オンライン株式スクール「株の学校ドットコム」は、資産運用に関する実態調査を実施。調査期間は、3月16日~17日、今年新社会人になる22~25歳の学生100名を対象に行われた。
その結果、およそ半数にあたる人が、すでになんらかの資産運用を始めていることが明らかとなった。

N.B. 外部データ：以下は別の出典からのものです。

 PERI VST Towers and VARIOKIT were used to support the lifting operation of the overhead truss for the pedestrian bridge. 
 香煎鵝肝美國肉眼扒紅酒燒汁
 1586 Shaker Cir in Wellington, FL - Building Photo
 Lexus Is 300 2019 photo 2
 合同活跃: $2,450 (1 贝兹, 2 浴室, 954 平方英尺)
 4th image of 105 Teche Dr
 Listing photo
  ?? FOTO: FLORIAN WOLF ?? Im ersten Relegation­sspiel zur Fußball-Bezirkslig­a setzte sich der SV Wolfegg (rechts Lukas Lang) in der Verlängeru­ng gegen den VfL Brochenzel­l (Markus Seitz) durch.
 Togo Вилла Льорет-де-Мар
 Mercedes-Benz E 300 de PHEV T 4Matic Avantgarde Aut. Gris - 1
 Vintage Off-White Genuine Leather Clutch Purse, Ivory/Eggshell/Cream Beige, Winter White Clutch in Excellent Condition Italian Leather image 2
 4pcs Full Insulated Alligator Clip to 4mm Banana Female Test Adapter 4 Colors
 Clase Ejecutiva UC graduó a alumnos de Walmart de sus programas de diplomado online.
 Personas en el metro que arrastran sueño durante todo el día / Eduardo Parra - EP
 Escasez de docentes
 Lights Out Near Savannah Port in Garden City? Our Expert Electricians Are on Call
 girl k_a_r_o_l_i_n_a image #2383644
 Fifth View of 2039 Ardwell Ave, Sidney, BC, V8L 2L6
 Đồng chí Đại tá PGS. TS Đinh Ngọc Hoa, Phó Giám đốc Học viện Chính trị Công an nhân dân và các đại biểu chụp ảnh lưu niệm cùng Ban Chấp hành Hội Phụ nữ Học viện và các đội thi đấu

同社調査によると、具体的な運用方法として最も多かったのは「NISA」で29%、次いで「株式投資」で21%、「投資信託・ETF」の16%が続いた。いずれも少額から始めやすく、長期的な資産形成を前提とした手段が中心となっている点が特徴といえる。
一方、「定期預金」を選んだ人は14%にとどまり、NISAの半数以下だった。そのほかにも、「FX」や「暗号資産(仮想通貨)」、「不動産投資」などを挙げる人もおり、学生の段階から多様な資産運用に関心が向けられている実態がうかがえる。

○学生投資家が増える背景とは?

学生時代から投資に関心を寄せる人が増えている背景には、NISA制度の普及に加え、積み立て投資などを通じて少額から始めやすくなった環境の変化があるとみられる。さらに、高校の家庭科で資産形成の授業が必修化されたことも、若い世代の金融リテラシー向上に影響している可能性がある。
○若者を狙った投資詐欺の被害も増加

若者の投資への積極的な参入の一方で、注意すべき点もある。近年投資詐欺の被害が増加しており、20代の被害率は高い水準にあることが、同社の別調査でも示されている。投資に早くから触れる機会が増えるからこそ、正しい知識と慎重な判断がこれまで以上に求められそうだ。

学生時代から資産運用に取り組む流れは、今後さらに広がっていくと考えられる。新社会人世代にとって、資産形成はもはや特別なものではなく、将来を見据えた“身近な選択”になりつつあるのかもしれない。